I work in a small scientific library that faces many problems of libraries everywhere: the community we serve has found other ways to meet their information needs. Our users are doing their own information searching, accessing and archiving, and the library has been left out of the equation, short of paying the few bills for journal access. 

Is this a case of simply figuring out a way to survive disruptive technologies or disruptive innovations of the Web? If so, how has this library adapted to changes in the information environment? 

One issue is that this library is not a common model. It's not a public library, so we don’t fight against, say, a competitor like Amazon, with its super search machine and advances in ILS technologies (Look Inside). The population of our user group may be too small to participate in Amazon-like reviews, helpful as that may be. It's not an Academic Library, where goals about student learning inside and outside the classroom can help guide us.  

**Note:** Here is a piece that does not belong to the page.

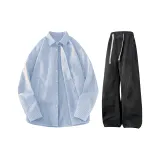 Комплект одежды [Синий Белый Полосы + Черный]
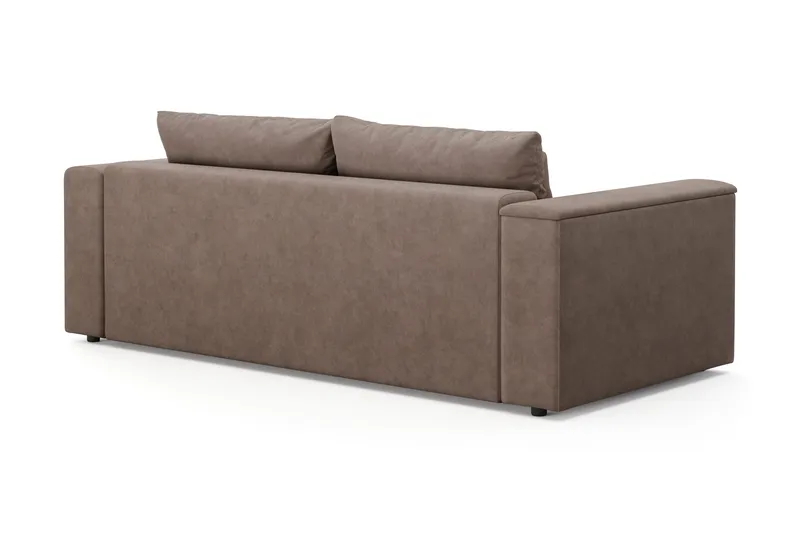 Bergen Extra Djup Framåtbäddad 3-sits Bäddsoffa med förvaring - Brun - Möbler - Soffa - Bäddsoffa - 3 sits bäddsoffa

We work in the background, my colleagues like to say. We get things done but people don't notice it. I take another tack: our doors may be open, but that doesn't mean we're meeting the needs of our customers. These users seem to expect different things -- more things -- from their information environment. The problem is, our users aren't looking for the services most information consumers are. 

But we must carve out a role for the library. On first look, I'd say we should assist where users have hurdles in their research process. In my interviews with researchers, I have found some complaints about not gathering enough information from the Web, yet very few information gathering tools being used. Some researchers have turned to RSS feeds and Google Alerts, yet no one is sharing new information via social networks (although they exist and collaboration is a large part of the environment).  Some people leverage bibliographic organization tools, but the need for more is not jumping out. Ditto with the use of intelligence agents and personalized search tools. 

Pushing RSS feeds and Google Alerts and RefWorks? That feels like halfway measures (Not to mention, a bit behind the time...) Maybe that's the rub. If we push too hard, give them too many options, we'll lose the attention of users, who are happy to get back to their work.  

When other organizations successfully tackle a major disruption like this, there's a feeling of people making wholesale changes: Extreme modifications to service or attempts to find new customers. Instead, our ideas don't feel very radical, or even progressive. But should they? Should we be more willing to take risks and learn from our mistakes? 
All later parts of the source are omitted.